Anyone going to this show on Saturday? In Portadown/Tandragee direction?

I was down today and got my entry form, might as well enter sayin as its local!


----------



## Ronnie (Nov 15, 2006)

might pop over for a while but am on business that day..


----------



## Fatman (Nov 15, 2006)

Where abouts on the mahon road is it?


----------



## Ronnie (Nov 15, 2006)

Turn in at the Faith Mission camp and up that wee road there is a big sign you can't miss it


----------



## Ruth M (Feb 27, 2006)

ill prob take a spin up with neal, can't be bothered entering tho!


----------



## Jmax (Dec 4, 2005)

i was going to take a run up but id never hear the end of it as the girlfriend is off work for the day


----------



## Ronnie (Nov 15, 2006)

plus I think Im a bit to old to be entering shows now!:wall: :wall: :detailer:


----------



## Ruth M (Feb 27, 2006)

what time does this start tomorrow?


----------



## Moddie (May 27, 2006)

11 i think!!


----------



## Ronnie (Nov 15, 2006)

it says 10-4 on the flyers and road signs..


----------



## Gaz VW (Aug 1, 2006)

Good day was had - weather was superb! Good to meet a few new people off here too.

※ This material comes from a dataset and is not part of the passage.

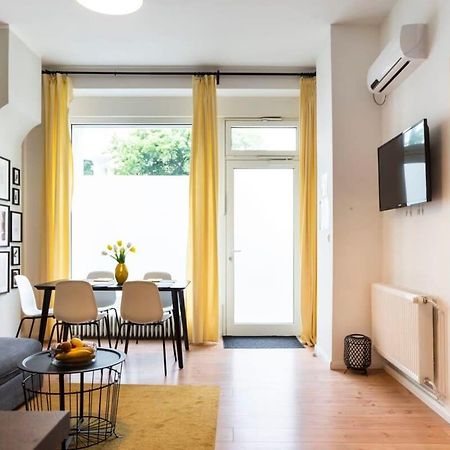 Kudamm Plus Ac Plus Selfcheckin Plus Free Street Parking Berlín Exterior foto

Ronnie I want your dildo - sorry - dodo juice


----------



## Ronnie (Nov 15, 2006)

Gaz VW said:


> Good day was had - weather was superb! Good to meet a few new people off here too.
> 
> Ronnie I want your dildo - sorry - dodo juice


:thumb: :thumb: No probs just make sure you clean it before you give it back!!!!

How did you get on in the show and shine... After all we were converted by the Gods that are Auto Glum!! oops Glym ... We have been shown how to polish a motor proper like!:detailer: :detailer: one sponge first start with the wheels then from the sills work up an use an old wiper blade to remove excess water!!!


----------



## Fatman (Nov 15, 2006)

Didnt make it over... some **** hit my dog with the car. GGGRRR


----------



## Moddie (May 27, 2006)

it wasnt a bad day, good to meet new people!!

That autoglym aquawax is great!!! u can polish a car with a carnauba wax! apparantly. The red seat ibiza got 3rd, black astra coupe got 2nd, and the red mini got 1st


----------



## Ronnie (Nov 15, 2006)

gerrr not good mind u the coupe and mini were pretty nice.. yea going to halfords now to invest in an old wiper blade like the man said apparently they work better than new ones especially if they are lying on the floor and covered in grit!!! :lol:


----------



## angusdope (Nov 5, 2006)

Ah the Autoglym "How to swirl your paint to bits" demo!


----------



## Ruth M (Feb 27, 2006)

The banter was good lol. Glad i didnt enter mind


----------